*** Excerpted records ***

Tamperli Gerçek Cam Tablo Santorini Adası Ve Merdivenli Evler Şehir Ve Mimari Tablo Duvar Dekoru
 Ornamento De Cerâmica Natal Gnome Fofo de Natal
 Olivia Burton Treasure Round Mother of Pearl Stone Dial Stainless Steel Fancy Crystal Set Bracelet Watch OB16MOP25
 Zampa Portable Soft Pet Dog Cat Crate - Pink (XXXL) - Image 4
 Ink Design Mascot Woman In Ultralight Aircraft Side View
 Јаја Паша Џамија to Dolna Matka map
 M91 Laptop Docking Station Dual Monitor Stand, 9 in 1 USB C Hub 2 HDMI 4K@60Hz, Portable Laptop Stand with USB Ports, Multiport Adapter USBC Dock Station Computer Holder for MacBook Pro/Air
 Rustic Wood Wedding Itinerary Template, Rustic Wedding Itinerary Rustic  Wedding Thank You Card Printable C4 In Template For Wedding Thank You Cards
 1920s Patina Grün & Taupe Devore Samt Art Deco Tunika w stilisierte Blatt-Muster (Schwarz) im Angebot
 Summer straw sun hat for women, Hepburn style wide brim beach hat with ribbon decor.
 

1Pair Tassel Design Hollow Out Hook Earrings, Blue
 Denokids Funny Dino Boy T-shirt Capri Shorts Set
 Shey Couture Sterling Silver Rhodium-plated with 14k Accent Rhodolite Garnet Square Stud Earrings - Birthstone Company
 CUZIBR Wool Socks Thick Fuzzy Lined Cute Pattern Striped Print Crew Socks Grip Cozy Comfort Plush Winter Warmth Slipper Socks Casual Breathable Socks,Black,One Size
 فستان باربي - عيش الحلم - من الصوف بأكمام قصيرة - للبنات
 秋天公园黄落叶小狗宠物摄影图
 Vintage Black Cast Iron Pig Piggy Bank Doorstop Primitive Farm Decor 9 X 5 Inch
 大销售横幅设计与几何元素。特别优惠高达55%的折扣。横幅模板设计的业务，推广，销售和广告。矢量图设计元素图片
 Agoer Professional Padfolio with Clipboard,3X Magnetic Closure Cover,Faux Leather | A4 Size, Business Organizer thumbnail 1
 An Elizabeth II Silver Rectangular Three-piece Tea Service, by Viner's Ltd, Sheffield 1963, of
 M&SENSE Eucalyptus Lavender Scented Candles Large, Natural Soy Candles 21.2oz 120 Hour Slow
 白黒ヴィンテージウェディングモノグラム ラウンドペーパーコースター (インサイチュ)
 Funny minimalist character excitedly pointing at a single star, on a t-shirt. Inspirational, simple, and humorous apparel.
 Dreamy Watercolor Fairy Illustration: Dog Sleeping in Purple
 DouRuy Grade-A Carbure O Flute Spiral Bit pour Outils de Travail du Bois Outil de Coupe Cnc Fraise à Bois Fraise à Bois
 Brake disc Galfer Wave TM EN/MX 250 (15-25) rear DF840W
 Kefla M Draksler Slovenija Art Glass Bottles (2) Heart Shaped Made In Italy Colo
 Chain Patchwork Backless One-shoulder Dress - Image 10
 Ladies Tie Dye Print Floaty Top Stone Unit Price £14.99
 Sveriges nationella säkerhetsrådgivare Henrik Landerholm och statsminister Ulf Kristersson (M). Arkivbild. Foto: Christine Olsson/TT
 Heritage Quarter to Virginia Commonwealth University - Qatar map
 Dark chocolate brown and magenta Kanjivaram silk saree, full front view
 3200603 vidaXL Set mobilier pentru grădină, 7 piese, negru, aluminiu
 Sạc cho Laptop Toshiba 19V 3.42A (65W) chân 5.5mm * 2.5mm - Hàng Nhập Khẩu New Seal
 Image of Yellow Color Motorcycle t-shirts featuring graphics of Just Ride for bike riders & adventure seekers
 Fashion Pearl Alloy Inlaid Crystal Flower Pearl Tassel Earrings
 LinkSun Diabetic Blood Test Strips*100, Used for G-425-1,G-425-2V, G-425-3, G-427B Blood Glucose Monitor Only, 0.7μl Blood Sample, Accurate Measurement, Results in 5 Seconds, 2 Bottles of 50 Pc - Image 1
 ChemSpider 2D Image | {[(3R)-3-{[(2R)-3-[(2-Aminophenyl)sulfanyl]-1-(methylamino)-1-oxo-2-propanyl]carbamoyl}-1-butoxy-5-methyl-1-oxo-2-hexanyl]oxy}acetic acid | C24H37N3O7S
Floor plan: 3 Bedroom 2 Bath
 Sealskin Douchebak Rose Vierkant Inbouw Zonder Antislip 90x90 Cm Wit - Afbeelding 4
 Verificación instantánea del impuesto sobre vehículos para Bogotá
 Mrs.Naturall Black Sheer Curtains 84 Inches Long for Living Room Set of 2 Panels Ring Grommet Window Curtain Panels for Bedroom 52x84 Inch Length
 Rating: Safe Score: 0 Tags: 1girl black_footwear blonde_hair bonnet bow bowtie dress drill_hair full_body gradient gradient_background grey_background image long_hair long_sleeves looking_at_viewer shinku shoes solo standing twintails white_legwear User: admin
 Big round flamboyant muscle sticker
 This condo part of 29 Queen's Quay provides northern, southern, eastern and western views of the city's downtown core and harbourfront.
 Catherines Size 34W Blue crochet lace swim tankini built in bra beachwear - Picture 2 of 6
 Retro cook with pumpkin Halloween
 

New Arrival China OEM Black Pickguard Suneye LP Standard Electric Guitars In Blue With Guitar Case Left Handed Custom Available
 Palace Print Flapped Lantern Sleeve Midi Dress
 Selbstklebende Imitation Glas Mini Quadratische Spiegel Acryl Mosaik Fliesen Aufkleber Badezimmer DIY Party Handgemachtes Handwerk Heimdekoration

*** End of Excerpted records ***

Give back, unchanged, the line that holds "Big round flamboyant muscle sticker" along with all lines after it through the last line above.

 Big round flamboyant muscle sticker
 This condo part of 29 Queen's Quay provides northern, southern, eastern and western views of the city's downtown core and harbourfront.
 Catherines Size 34W Blue crochet lace swim tankini built in bra beachwear - Picture 2 of 6
 Retro cook with pumpkin Halloween
 

New Arrival China OEM Black Pickguard Suneye LP Standard Electric Guitars In Blue With Guitar Case Left Handed Custom Available
 Palace Print Flapped Lantern Sleeve Midi Dress
 Selbstklebende Imitation Glas Mini Quadratische Spiegel Acryl Mosaik Fliesen Aufkleber Badezimmer DIY Party Handgemachtes Handwerk Heimdekoration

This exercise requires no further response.